--- RECORDED DATA ---
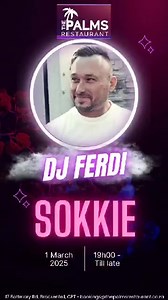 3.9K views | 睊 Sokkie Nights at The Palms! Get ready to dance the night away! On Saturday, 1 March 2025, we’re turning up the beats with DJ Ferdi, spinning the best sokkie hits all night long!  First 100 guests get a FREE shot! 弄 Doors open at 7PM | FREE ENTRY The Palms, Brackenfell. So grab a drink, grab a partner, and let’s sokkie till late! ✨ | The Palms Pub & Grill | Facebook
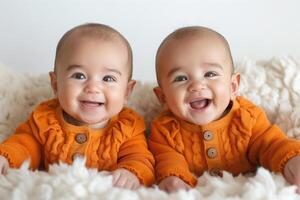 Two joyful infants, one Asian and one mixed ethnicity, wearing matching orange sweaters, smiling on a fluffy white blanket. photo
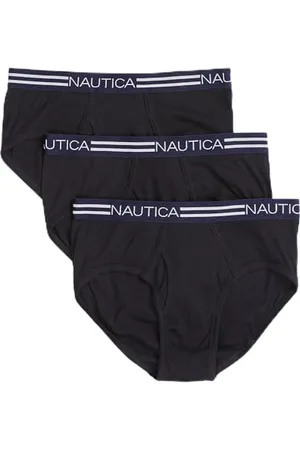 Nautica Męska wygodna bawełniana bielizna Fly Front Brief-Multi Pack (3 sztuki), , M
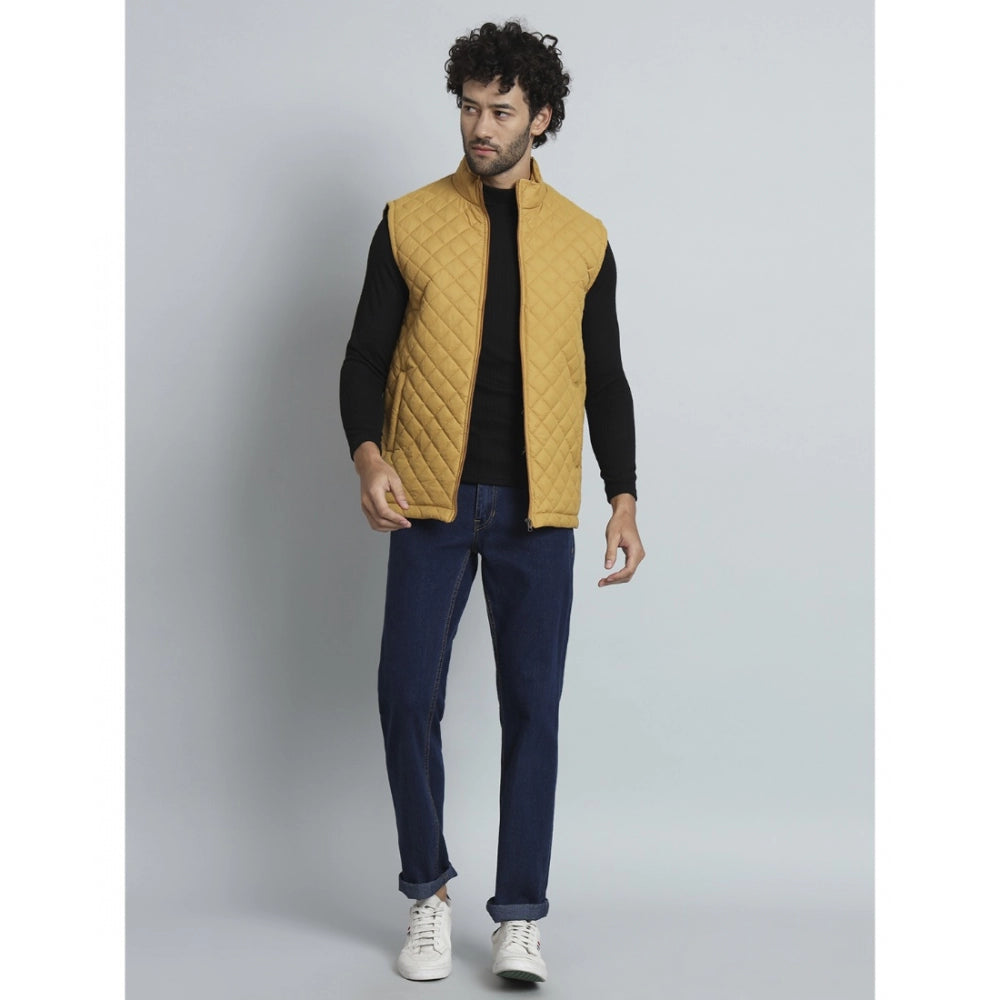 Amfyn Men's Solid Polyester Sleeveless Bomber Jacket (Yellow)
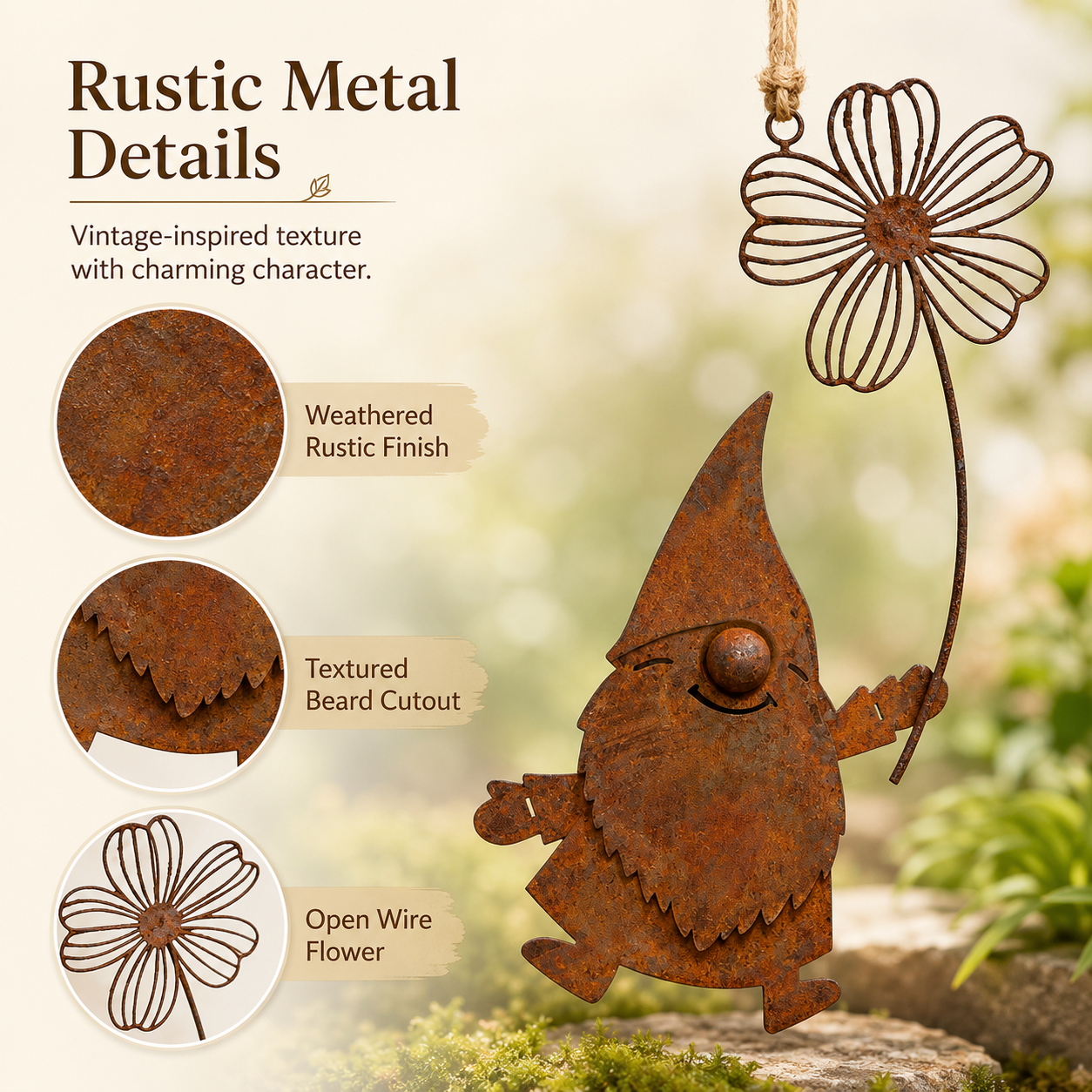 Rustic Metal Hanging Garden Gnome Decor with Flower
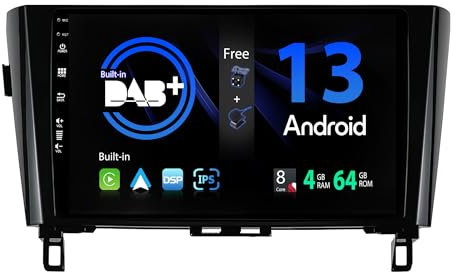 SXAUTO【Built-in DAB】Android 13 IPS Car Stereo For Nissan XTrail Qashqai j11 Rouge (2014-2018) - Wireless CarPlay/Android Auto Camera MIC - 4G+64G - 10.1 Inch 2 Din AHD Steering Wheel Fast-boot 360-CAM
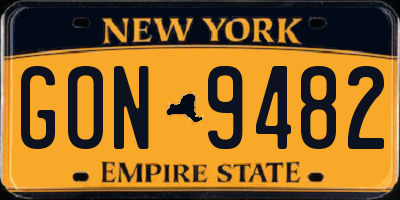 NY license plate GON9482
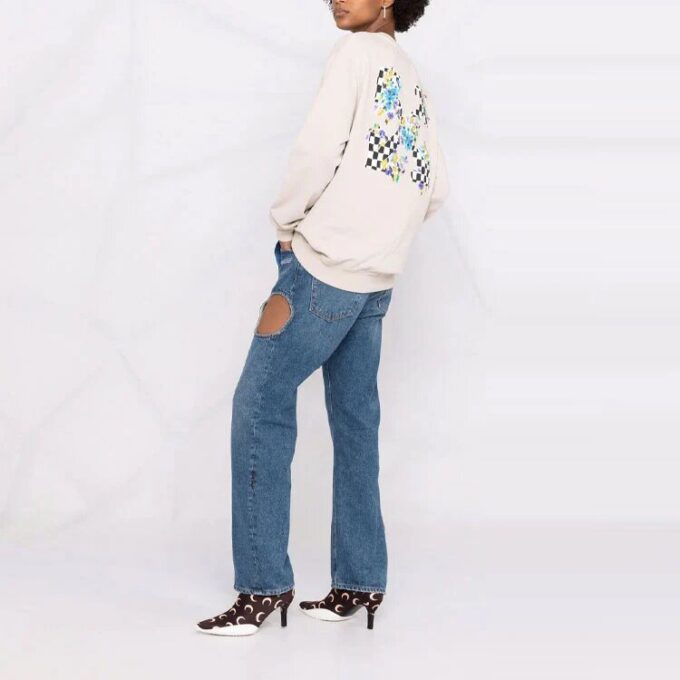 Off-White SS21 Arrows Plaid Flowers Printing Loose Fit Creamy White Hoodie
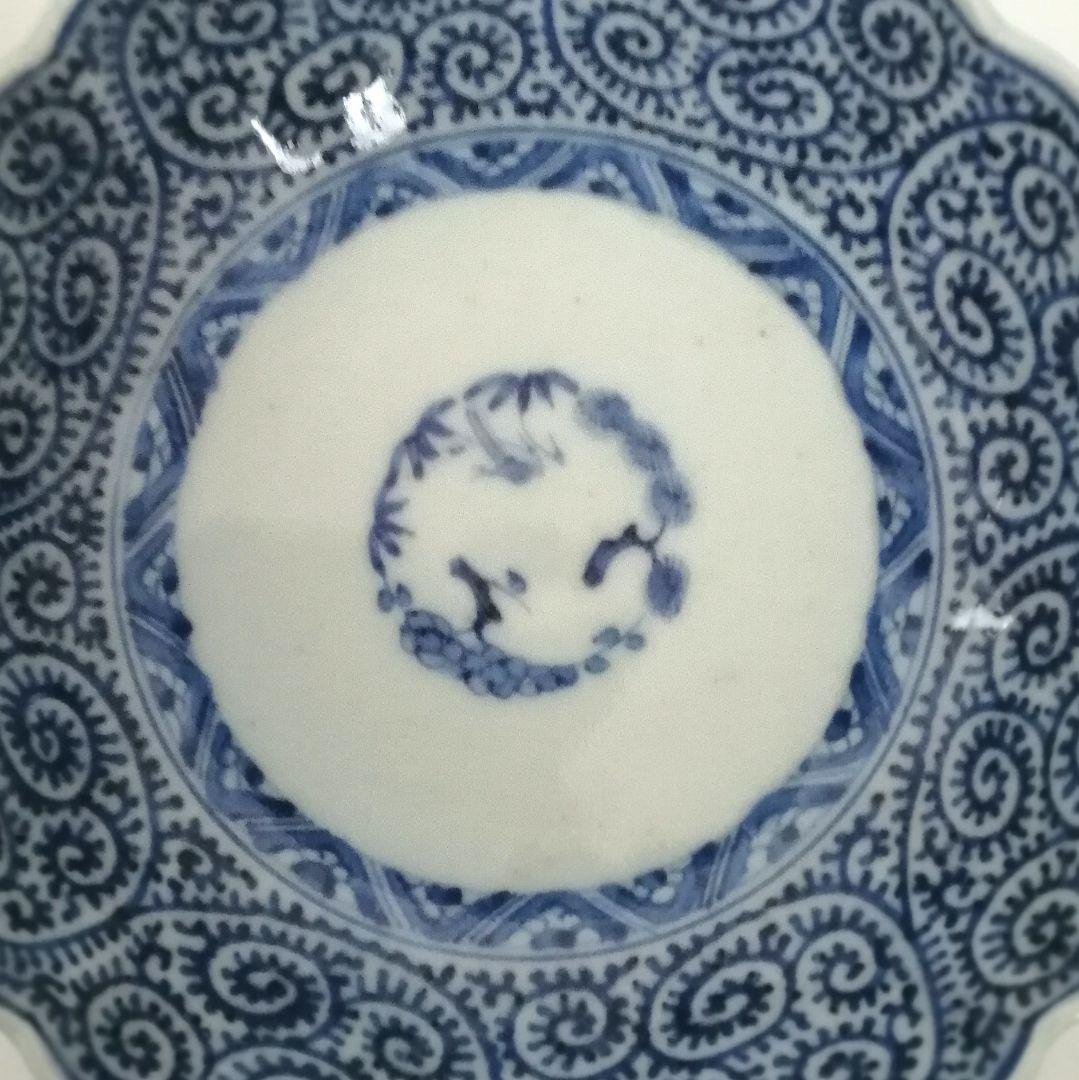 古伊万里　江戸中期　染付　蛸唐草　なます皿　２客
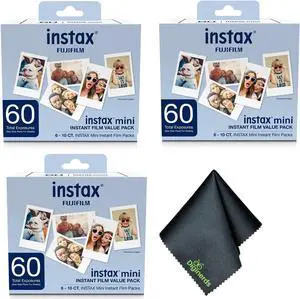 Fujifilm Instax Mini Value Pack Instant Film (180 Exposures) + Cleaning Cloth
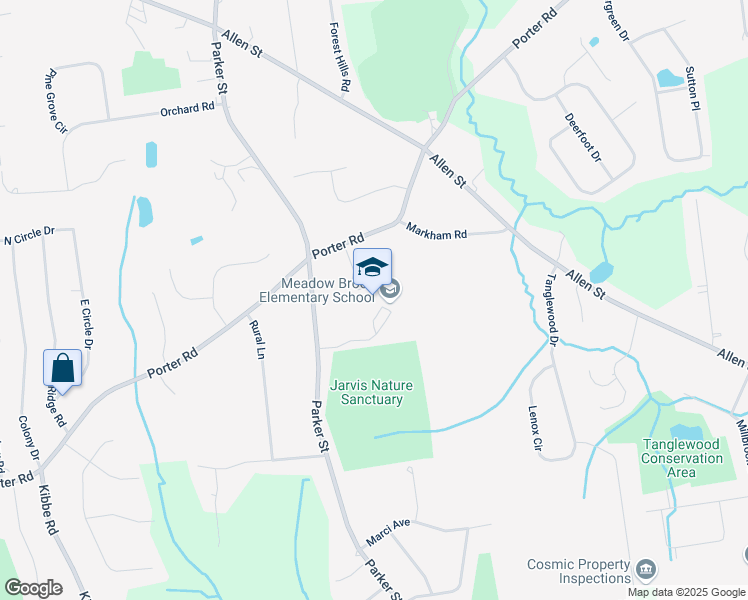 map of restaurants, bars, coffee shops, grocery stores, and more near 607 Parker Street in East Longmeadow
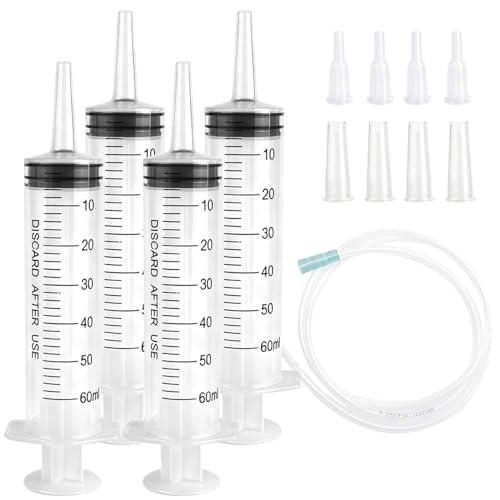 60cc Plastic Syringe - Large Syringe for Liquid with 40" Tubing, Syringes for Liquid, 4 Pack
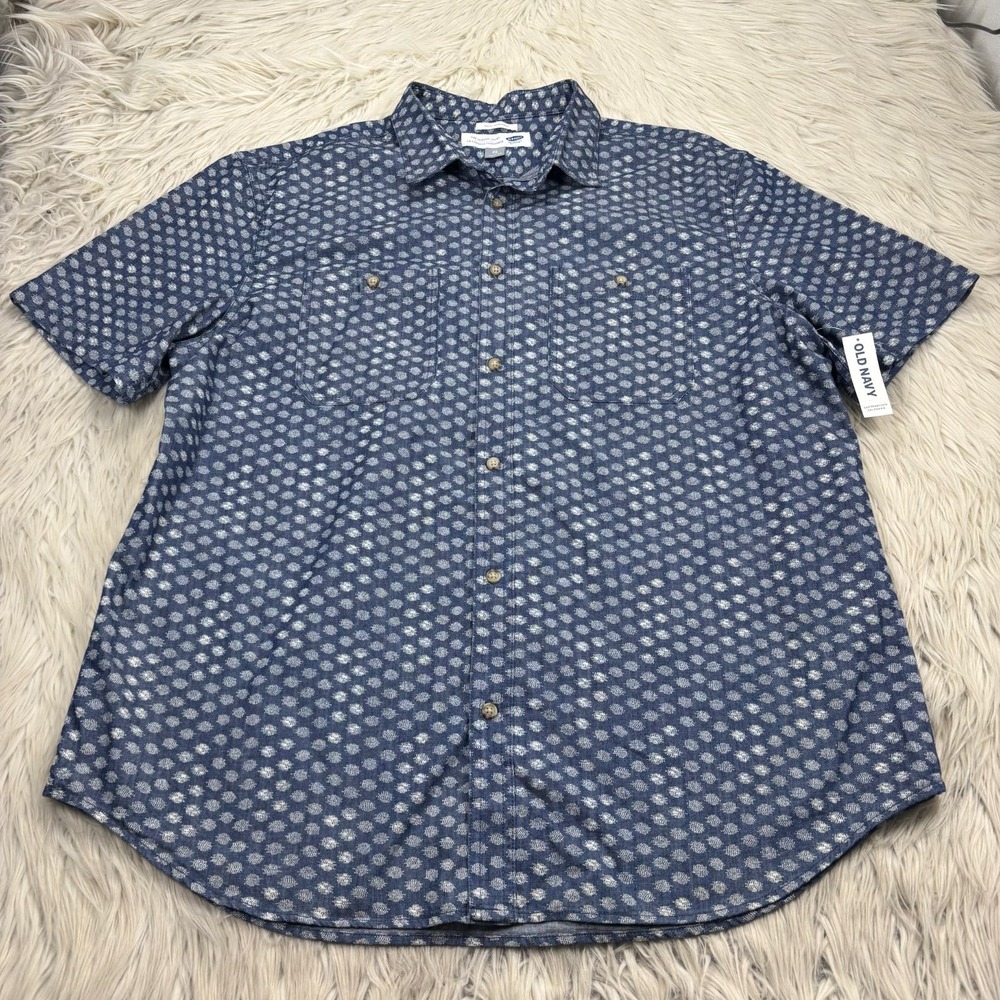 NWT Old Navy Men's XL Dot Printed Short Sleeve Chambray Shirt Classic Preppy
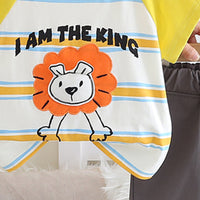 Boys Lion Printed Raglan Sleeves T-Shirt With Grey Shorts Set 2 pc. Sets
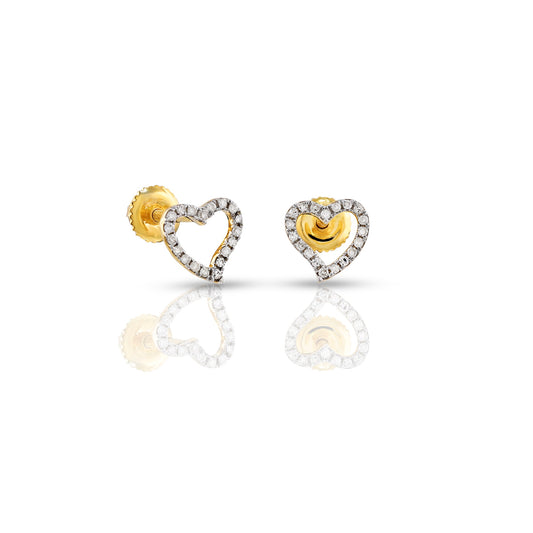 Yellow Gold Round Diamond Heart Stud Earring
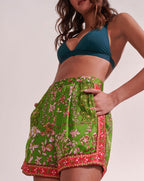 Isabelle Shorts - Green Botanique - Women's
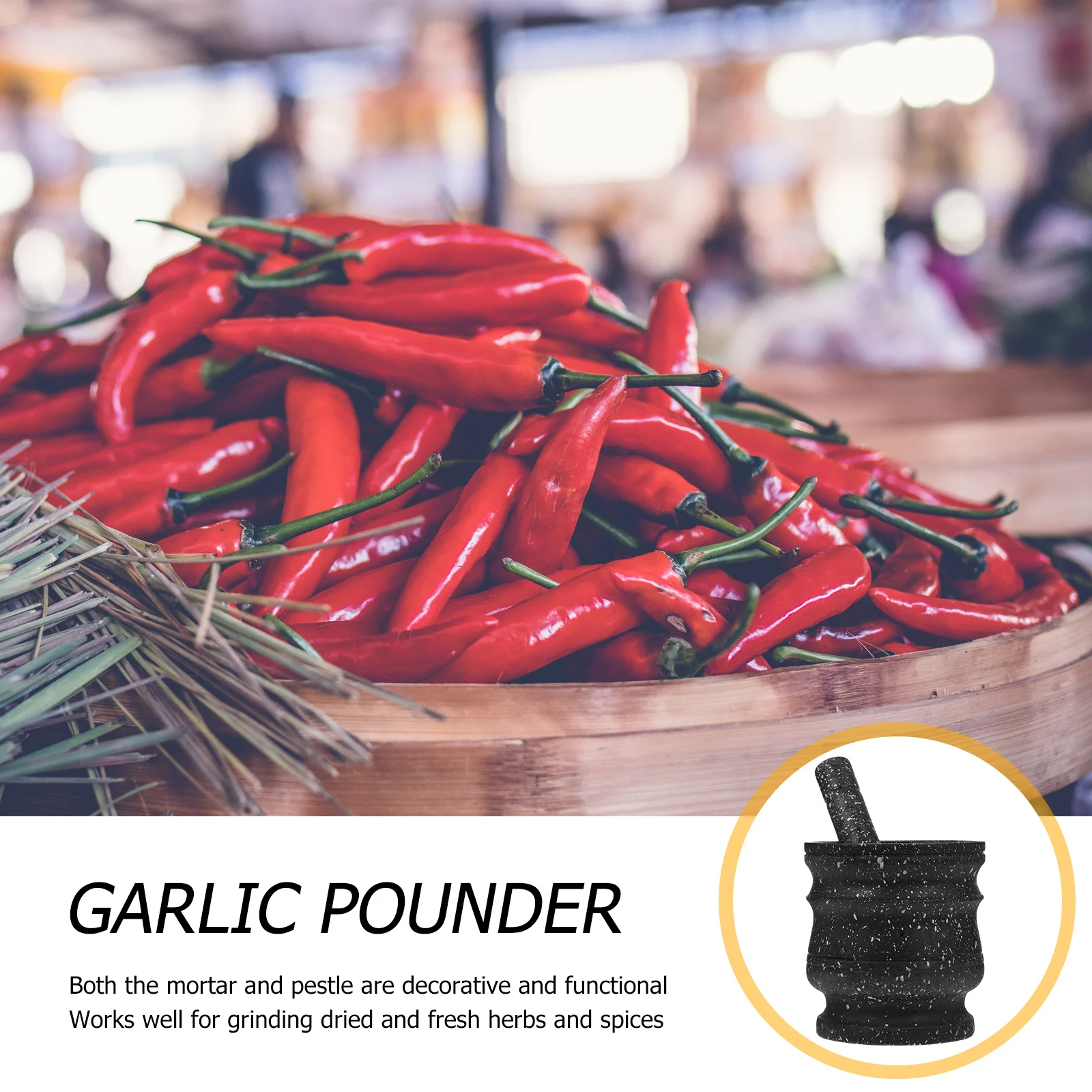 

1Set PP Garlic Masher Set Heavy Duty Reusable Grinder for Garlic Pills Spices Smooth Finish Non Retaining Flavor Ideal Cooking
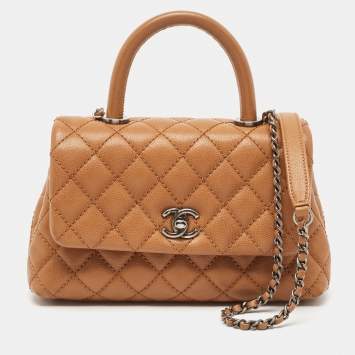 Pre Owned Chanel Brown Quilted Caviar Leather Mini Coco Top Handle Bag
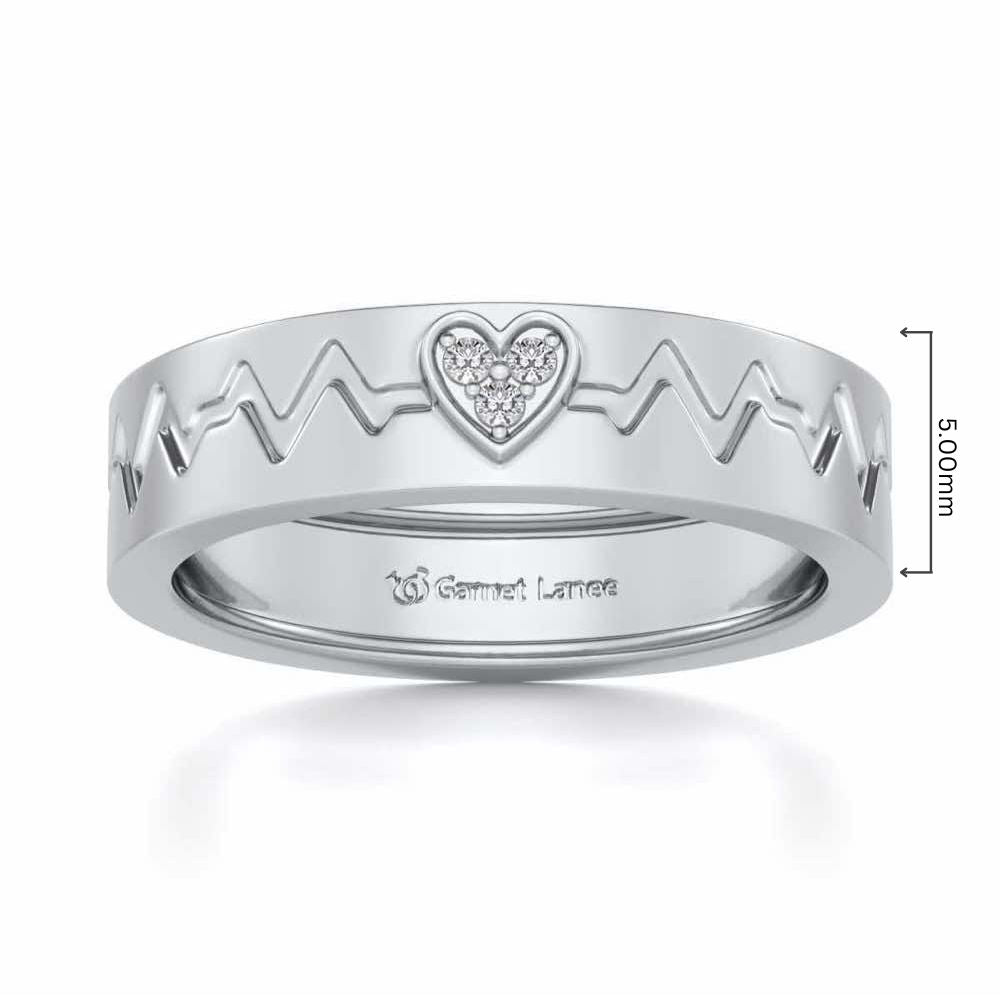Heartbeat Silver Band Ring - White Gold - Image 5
---
- [TO DO] What you produce must match the listing word for word, with no images in it.

- [WRITTEN RESPONSE]
 3.9K views | 睊 Sokkie Nights at The Palms! Get ready to dance the night away! On Saturday, 1 March 2025, we’re turning up the beats with DJ Ferdi, spinning the best sokkie hits all night long!  First 100 guests get a FREE shot! 弄 Doors open at 7PM | FREE ENTRY The Palms, Brackenfell. So grab a drink, grab a partner, and let’s sokkie till late! ✨ | The Palms Pub & Grill | Facebook
 Two joyful infants, one Asian and one mixed ethnicity, wearing matching orange sweaters, smiling on a fluffy white blanket. photo
 Nautica Męska wygodna bawełniana bielizna Fly Front Brief-Multi Pack (3 sztuki), , M
 Amfyn Men's Solid Polyester Sleeveless Bomber Jacket (Yellow)
 Rustic Metal Hanging Garden Gnome Decor with Flower
 SXAUTO【Built-in DAB】Android 13 IPS Car Stereo For Nissan XTrail Qashqai j11 Rouge (2014-2018) - Wireless CarPlay/Android Auto Camera MIC - 4G+64G - 10.1 Inch 2 Din AHD Steering Wheel Fast-boot 360-CAM
 NY license plate GON9482
 Off-White SS21 Arrows Plaid Flowers Printing Loose Fit Creamy White Hoodie
 古伊万里　江戸中期　染付　蛸唐草　なます皿　２客
 Fujifilm Instax Mini Value Pack Instant Film (180 Exposures) + Cleaning Cloth
 map of restaurants, bars, coffee shops, grocery stores, and more near 607 Parker Street in East Longmeadow
 60cc Plastic Syringe - Large Syringe for Liquid with 40" Tubing, Syringes for Liquid, 4 Pack
 NWT Old Navy Men's XL Dot Printed Short Sleeve Chambray Shirt Classic Preppy
 Boys Lion Printed Raglan Sleeves T-Shirt With Grey Shorts Set 2 pc. Sets
 Yellow Gold Round Diamond Heart Stud Earring
 Isabelle Shorts - Green Botanique - Women's

1Set PP Garlic Masher Set Heavy Duty Reusable Grinder for Garlic Pills Spices Smooth Finish Non Retaining Flavor Ideal Cooking
 Pre Owned Chanel Brown Quilted Caviar Leather Mini Coco Top Handle Bag
Heartbeat Silver Band Ring - White Gold - Image 5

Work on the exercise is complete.